Enclosure, Ballymacthomas, Co. Kerry
Co. Kerry |
Enclosures
In a reclaimed pasture field in Ballymacthomas, County Kerry, a low oval bank of limestone rubble sits on a table-like rise of rock, commanding views in every direction.
It looks, from a distance, like a slight thickening of the ground, grass-covered and easy to dismiss as a natural feature. But the geometry tells a different story: an enclosure roughly 50 metres north to south and 42 metres east to west, with a bank up to seven and a half metres wide, enclosing a deliberately dished interior. A modern field fence cuts across its eastern edge, and the eastern portion of the structure has largely disappeared into the neighbouring field, leaving the western half as the clearest evidence of what once stood here.

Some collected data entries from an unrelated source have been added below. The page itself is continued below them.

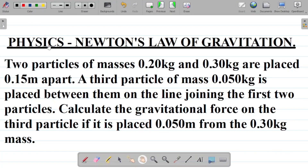Let's look at another physics question on Newton's law of gravitation. The question says two particles of masses 0.20 kilogram and 0.30 kilogram are placed 0.15 meters apart. A third particle of mass 0.050 kilogram is placed between them on the line joining the first two particles.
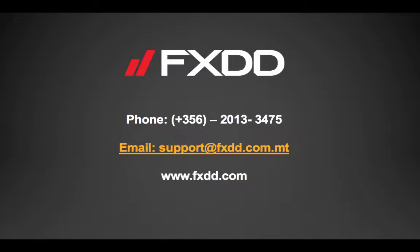You can also contact our knowledgeable support staff for more information by visiting www.fxdd.com.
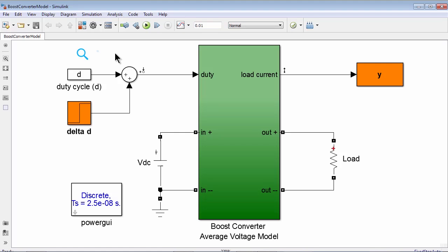In this video you will see how to use Model Reducer app to create a low-order approximation of a complex model. The complex model here is this nonlinear Simulink model of a boost converter. We will approximate its dynamics around just one operating point.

At the centre of the enclosure sits something stranger still: a stone and earth mound, sometimes called a cairn, measuring roughly 14 metres across and nearly half a metre high, with a circular depression five metres in diameter cut into its top. The bottom of that hollow sits about 39 centimetres below the crest of the mound, giving it the quality of a shallow bowl set within a low platform. A second, less well-preserved mound abuts the first on its northern side. No external ditch was identified during survey, and no obvious entrance has survived. Enclosures of this kind in Ireland are often associated with early medieval settlement, ritual activity, or burial, though without excavation it is rarely possible to say which function, or combination of functions, a particular site once served. The central mound with its depression is the detail that most resists easy explanation; it is not typical of a simple ringfort, the most common type of enclosed settlement from the early medieval period, and may point to something older or more ceremonially significant. The survey of this area was carried out in 1996 and 1997.